Spend Matters is pleased to present a guest post today by MetalMiner columnist Taras Berezowsky.
Much has been made about our private data being collected and shared online, and now, the reclamation and repurposing of that data is becoming an extremely hot topic of discussion. As opposed to those who chafe at the thought of their "private" information floating around in the cloud for companies to use (and abuse) as they wish, there are those who are creatively brainstorming how to make it work for them, rather than against them.
One such idea, covered by Rob Walker in his "Consumed" column in last Sunday's Times, goes right to the heart of a consumer's buying and, more importantly, recycling habits. Indhira Rojas, a graduate student of design at the California College of the Arts, prototyped something called IndexR for her thesis, which is basically a tracker for consumers to know exactly how what they're buying can be recycled. According to the article, "as of 2008, the typical person discards 4.5 pounds of stuff per day, 1.5 pounds of which are recycled."

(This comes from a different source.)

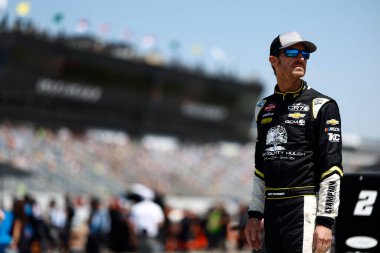 GRANT ENFINGER (9), Rockingham, NC 'deki Black' s Lastiği 200 'e katılmaya hazırlanıyor..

Instead of simply grabbing a shopper's data at the point of sale, Rojas calls for companies to share the data with the consumer in an easily accessible way (a digital itemized receipt via a mobile app, for example) so that the consumer can be better informed when it comes to getting rid of their cardboard boxes, Tropicana cartons or sardine cans. You can watch video of Rojas presenting her findings and introducing IndexR here.
In a way, this idea essentially proposes a greening of your own personal supply chain. If you can cut out the waste in the chain -- or at least have more knowledge of how to efficiently dispose of the waste -- then you're contributing to cost savings on both the production and consumption ends. IndexR would be another step to make the conversation between producer and consumer a more interactive one, rather than the traditional "one-way" data conduit that exists now. "What Rojas envisioned with IndexR is ... a system that would address disposal uncertainty and inefficiency by engaging all parties," Walker writes. Green-minded consumers -- who, after all, still end up buying just as much stuff as those not so green-minded -- can have more of a stake in spend management for the overall supply chain by having access to better information.
"There are a lot of reasons that IndexR will probably never exist -- but there are even better reasons to consider why something like it should," Walker writes, and I'd have to agree. Why not create a niche for companies between producers and consumers that come up with more inventive and cost-efficient ways to recycle? Why not allow the data already collected to do double duty for product producers? Projects like IndexR ultimately lend themselves to big ideas that, when appropriated by parties with the right kind and amount of capital, could turn into profitably innovative businesses.